It’s remarkable how consistently the market moves in seasonal patterns.
For example, it tends to make most of its gains in the winter months and experience most of its corrections in the summer months, as expressed in the old adage ‘Sell in May and Go Away’.
And just as it did last year, this year the market made good gains in the winter months, then topped out in late April, and was in a correction in May and most of June.
The shorter-term seasonal pattern is that the market is usually positive in the days surrounding the end of months, in what I have always called the ‘monthly strength period’, and particularly in the days approaching and surrounding the July 4th holiday. July also tends to be the most positive month in the market’s unfavorable summer season. Thus the tradition of a summer rally.

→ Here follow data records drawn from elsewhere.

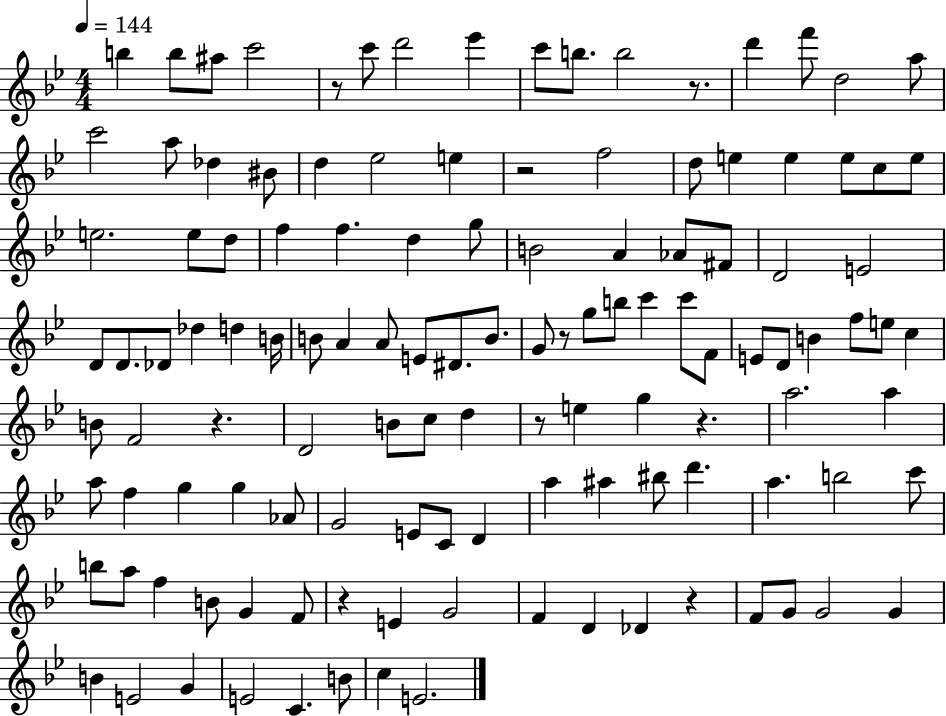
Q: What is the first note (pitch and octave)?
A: B5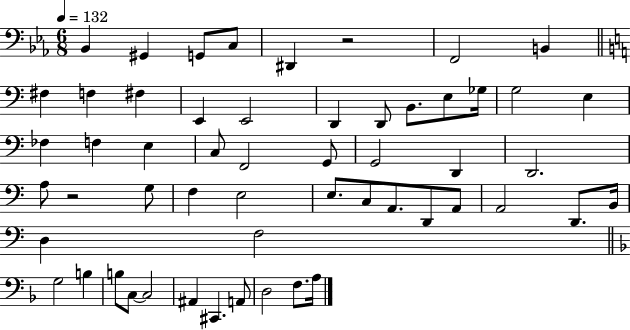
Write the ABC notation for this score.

X:1
T:Untitled
M:6/8
L:1/4
K:Eb
_B,, ^G,, G,,/2 C,/2 ^D,, z2 F,,2 B,, ^F, F, ^F, E,, E,,2 D,, D,,/2 B,,/2 E,/2 _G,/4 G,2 E, _F, F, E, C,/2 F,,2 G,,/2 G,,2 D,, D,,2 A,/2 z2 G,/2 F, E,2 E,/2 C,/2 A,,/2 D,,/2 A,,/2 A,,2 D,,/2 B,,/4 D, F,2 G,2 B, B,/2 C,/2 C,2 ^A,, ^C,, A,,/2 D,2 F,/2 A,/4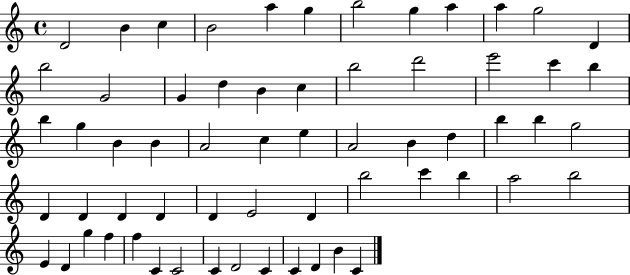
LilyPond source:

{
  \clef treble
  \time 4/4
  \defaultTimeSignature
  \key c \major
  d'2 b'4 c''4 | b'2 a''4 g''4 | b''2 g''4 a''4 | a''4 g''2 d'4 | \break b''2 g'2 | g'4 d''4 b'4 c''4 | b''2 d'''2 | e'''2 c'''4 b''4 | \break b''4 g''4 b'4 b'4 | a'2 c''4 e''4 | a'2 b'4 d''4 | b''4 b''4 g''2 | \break d'4 d'4 d'4 d'4 | d'4 e'2 d'4 | b''2 c'''4 b''4 | a''2 b''2 | \break e'4 d'4 g''4 f''4 | f''4 c'4 c'2 | c'4 d'2 c'4 | c'4 d'4 b'4 c'4 | \break \bar "|."
}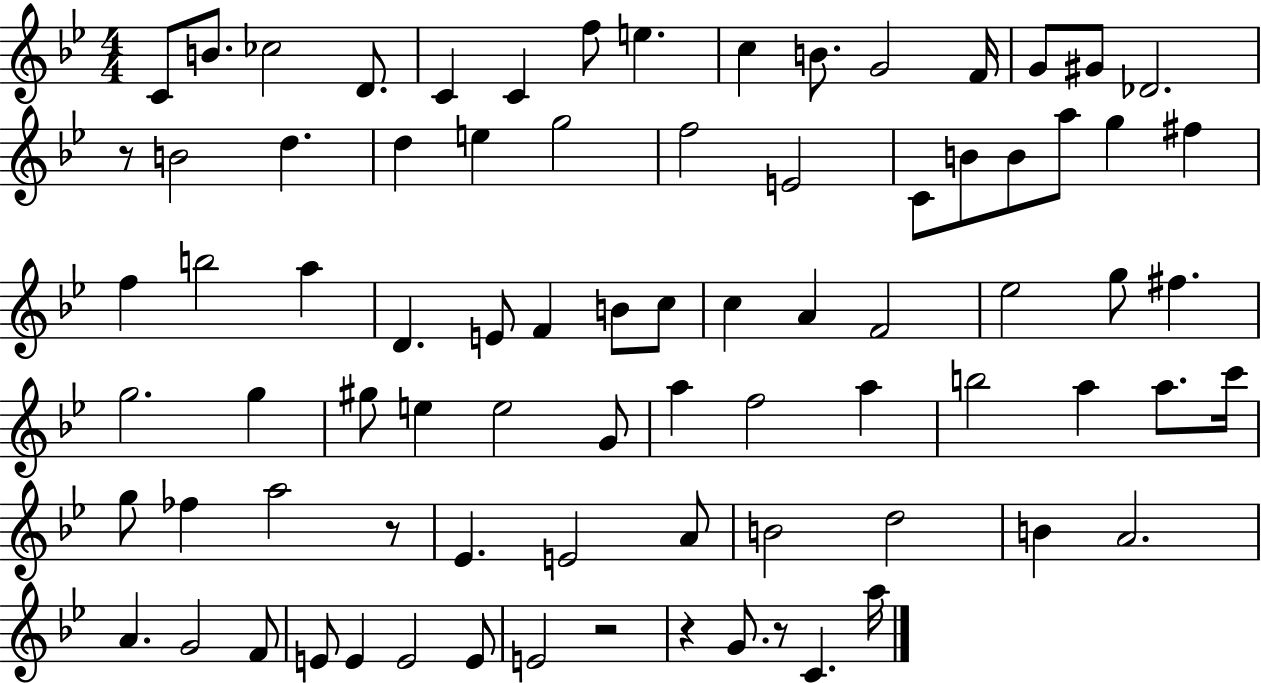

After being down eight of the previous nine weeks the market was short-term oversold going into this week. My technical indicators triggered a short-term buy signal and I’ve been predicting a brief short-term rally off the oversold condition, but also that the tendency for the market to be positive in the days surrounding the July 4th holiday, was likely to keep an oversold rally going into a sustained rally for awhile.
It’s uncanny how events usually work out with a timeliness that supports the seasonal patterns. The seemingly endless stream of dismal economic reports continued this week, but a couple of bright spots also showed up.
There was relief that the Greek Parliament passed the painful austerity measures required for Greece to receive additional bailout funds to prevent it from defaulting on its debt (or at least postpone its potential default). The rally got an additional boost from that.
And although economic reports included that construction spending fell again in May, that Consumer Confidence fell again in June (to a 7-month low), that weekly unemployment claims remained high at 428,000 last week, there was also the report that manufacturing activity, which has been declining for several months, unexpectedly picked up some in June, with the ISM Mfg Index rising to 55.3 from 53.5 in May. That gave the market another big boost on Friday.
The ‘monthly strength period’ is due to continue through Thursday of next week.
But it’s not just seasonality that says the rally is probably only a short-term summer rally, with the correction likely to resume to lower lows when the rally ends.
Technically, volume in the rally is very light, less than 0.8 billion shares traded daily on the NYSE, compared to as many as 1.6 billion on the down-days during the correction. That indicates that large institutional investors selling during the correction, are not believers in the sustainability of the rally and are not participating.
Also technically, the unusual spike-up of the last five days has the major indexes already short-term overbought above their 21-day moving averages, the opposite of their short-term oversold condition two weeks ago.
On the economic fundamentals, another bailout of Greece, and a one-month bump in the ISM Mfg Index are hardly an indication that the economic slowdown has ended, given the continuing dismal reports on consumer spending, consumer and business confidence, the depressed housing industry, and the jobs picture.
So enjoy the rally. It arrived on schedule.
But be careful about determining too quickly that it marks an important bottom or the end of the global economic problems.